E, nas relações contratuais estabelecidas por meio de contratos de massa (ou de adesão), em que a vontade das partes perde a condição de elemento preponderante, segundo a nova concepção que se deve ter do contrato, a aderente tem de ser protegida. Diante deste panorama, o CDC surge como via legal e obrigatória para o reequilíbrio das relações, especialmente no que respeita ao controle das cláusulas abusivas.

Induvidoso, no presente caso, estarmos diante de um destes contratos, em que uma das partes, na verdade, tem apenas a opção (“liberdade”) de contratar ou não, mas não de discutir as cláusulas do contrato. Nestas circunstâncias, a consumidora que queira debater os termos da contratação, restará unicamente a via judicial.

Para que a consumidora não fique exposta a abusividades é que existem os direitos básicos do consumidor, previstos no artigo 6º do Código de Defesa do Consumidor, importando, no presente caso, modo especial, o direito de receber informação adequada e clara sobre os diferentes produtos e serviços, conforme previsto no inciso III do citado dispositivo.

Já o prestador do serviço tem o dever de prestar ao consumidor informação clara e adequada sobre os diferentes produtos e serviços, com especificação correta de quantidade, características, composição, qualidade e preço, bem como sobre os riscos que apresentam.

No mesmo sentido destaca o eminente jurista e Ministro do Colendo STJ, Paulo de Tarso Vieira Sanseverino, em sua obra “Responsabilidade Civil no Código do Consumidor e a Defesa do Fornecedor”, Editora Saraiva, página 139:

“Os danos causados ao consumidor não decorrem apenas de defeitos em si do produto ou serviço, visto que, muitas vezes, estes não apresentam, materialmente, qualquer falha. A defeituosidade situa-se num plano externo em relação ao produto ou serviço, resultando de informações deficientes sobre a correta utilização ou da falta de advertência sobre os riscos por eles ensejados.

(...)

A informação é um direito do consumidor, que tem sua matriz no princípio da boa-fé objetiva”.

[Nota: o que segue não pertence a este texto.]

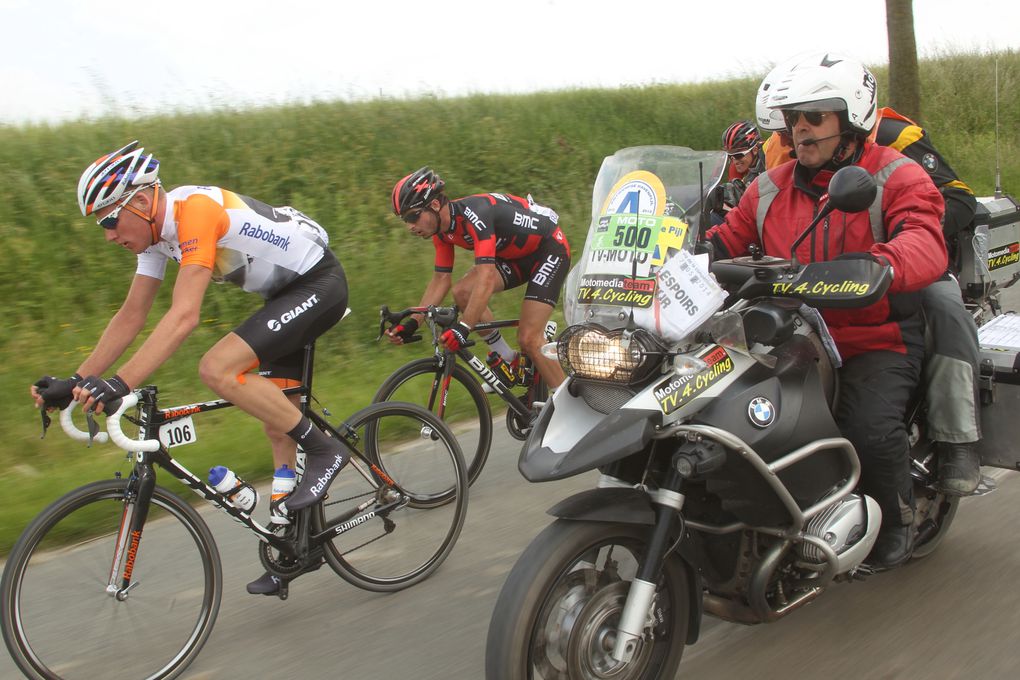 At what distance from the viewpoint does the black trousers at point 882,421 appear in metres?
3.30

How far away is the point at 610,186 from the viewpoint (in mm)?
3416

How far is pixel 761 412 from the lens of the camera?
2.94 metres

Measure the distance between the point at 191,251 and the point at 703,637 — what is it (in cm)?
250

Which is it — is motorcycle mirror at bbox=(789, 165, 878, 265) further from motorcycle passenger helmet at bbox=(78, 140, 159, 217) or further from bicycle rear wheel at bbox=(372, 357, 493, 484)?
bicycle rear wheel at bbox=(372, 357, 493, 484)

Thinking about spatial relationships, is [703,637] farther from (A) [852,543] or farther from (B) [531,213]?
(B) [531,213]

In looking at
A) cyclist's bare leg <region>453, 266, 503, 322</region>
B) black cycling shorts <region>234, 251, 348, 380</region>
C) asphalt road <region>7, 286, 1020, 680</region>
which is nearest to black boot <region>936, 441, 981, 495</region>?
asphalt road <region>7, 286, 1020, 680</region>

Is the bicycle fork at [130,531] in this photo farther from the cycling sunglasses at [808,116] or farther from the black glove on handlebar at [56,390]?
the cycling sunglasses at [808,116]

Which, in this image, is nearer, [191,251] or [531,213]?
[191,251]

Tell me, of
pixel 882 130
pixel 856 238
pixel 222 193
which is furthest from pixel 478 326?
pixel 856 238

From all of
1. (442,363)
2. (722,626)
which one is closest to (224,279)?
(442,363)

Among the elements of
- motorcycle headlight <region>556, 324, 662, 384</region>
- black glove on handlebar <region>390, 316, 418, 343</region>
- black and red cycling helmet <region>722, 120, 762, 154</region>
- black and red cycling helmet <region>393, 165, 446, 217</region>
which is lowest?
black glove on handlebar <region>390, 316, 418, 343</region>

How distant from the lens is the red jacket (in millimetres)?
3131

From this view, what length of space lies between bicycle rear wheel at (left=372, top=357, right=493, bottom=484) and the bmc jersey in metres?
0.73

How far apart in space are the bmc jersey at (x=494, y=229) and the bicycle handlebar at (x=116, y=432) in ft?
8.45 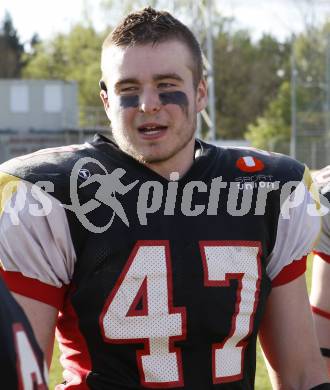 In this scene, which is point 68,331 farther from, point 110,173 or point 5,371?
point 5,371

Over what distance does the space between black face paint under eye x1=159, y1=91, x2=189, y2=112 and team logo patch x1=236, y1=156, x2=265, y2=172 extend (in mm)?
308

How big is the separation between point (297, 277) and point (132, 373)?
620 mm

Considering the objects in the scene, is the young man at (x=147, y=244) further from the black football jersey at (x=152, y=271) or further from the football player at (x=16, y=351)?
the football player at (x=16, y=351)

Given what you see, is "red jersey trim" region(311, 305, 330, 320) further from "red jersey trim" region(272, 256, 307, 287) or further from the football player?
the football player

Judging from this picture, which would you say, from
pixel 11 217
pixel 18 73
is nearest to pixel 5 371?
pixel 11 217

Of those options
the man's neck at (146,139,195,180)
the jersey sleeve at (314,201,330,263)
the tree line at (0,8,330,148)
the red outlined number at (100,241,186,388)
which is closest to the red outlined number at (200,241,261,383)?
the red outlined number at (100,241,186,388)

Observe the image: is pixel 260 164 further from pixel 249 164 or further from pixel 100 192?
pixel 100 192

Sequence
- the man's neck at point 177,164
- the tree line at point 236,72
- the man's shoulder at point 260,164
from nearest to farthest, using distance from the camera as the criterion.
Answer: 1. the man's neck at point 177,164
2. the man's shoulder at point 260,164
3. the tree line at point 236,72

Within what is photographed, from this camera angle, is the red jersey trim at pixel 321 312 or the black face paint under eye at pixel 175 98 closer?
the black face paint under eye at pixel 175 98

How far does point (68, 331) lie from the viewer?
241cm

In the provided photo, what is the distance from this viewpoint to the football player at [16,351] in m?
1.23

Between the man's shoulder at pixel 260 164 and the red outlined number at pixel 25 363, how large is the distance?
1.39 metres

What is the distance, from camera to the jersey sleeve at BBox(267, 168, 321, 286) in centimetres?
256

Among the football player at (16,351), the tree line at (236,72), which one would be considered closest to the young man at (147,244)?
the football player at (16,351)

O debate está centrado, portanto, na existência ou não de vício de consentimento, aliada à falha no dever de informação quando da contratação. No presente caso concreto, quando da "contratação" do cartão de crédito com reserva de margem consignável (RMC).

Muito embora tenha sido juntado o termo de adesão de cartão de crédito consignado e autorização para desconto em folha de pagamento (Evento 12 - Contrato 2), considero que a contratação não ocorreu mediante o livre exercício da faculdade de contratar da parte demandante, eis não informada (ou o que é ainda pior, grosseiramente ludibriada) a respeito do que estava ‘contratando’.

Conforme informou na inicial do presente processo, a consumidora autora, ora apelante, teria procurado a instituição financeira demandada com o intuito de firmar contrato de empréstimo consignado, mas foi surpreendida, depois do recebimento do valor, de que teria aderido a empréstimo consignado na modalidade cartão de crédito – “Empréstimo RMC”.

Como demonstração de que não pretendia contratar cartão de crédito, afirma que jamais efetuou o desbloqueio do referido cartão de crédito, não havendo utilizado o mesmo. Assevera que os descontos em folha de pagamento que mensalmente sofre, agravam ainda mais sua situação de dificuldade financeira e inadimplência, situação esta que decorre da grave falha na prestação do serviço pela instituição financeira que tinha o dever de informação nos termos do artigo 6º,...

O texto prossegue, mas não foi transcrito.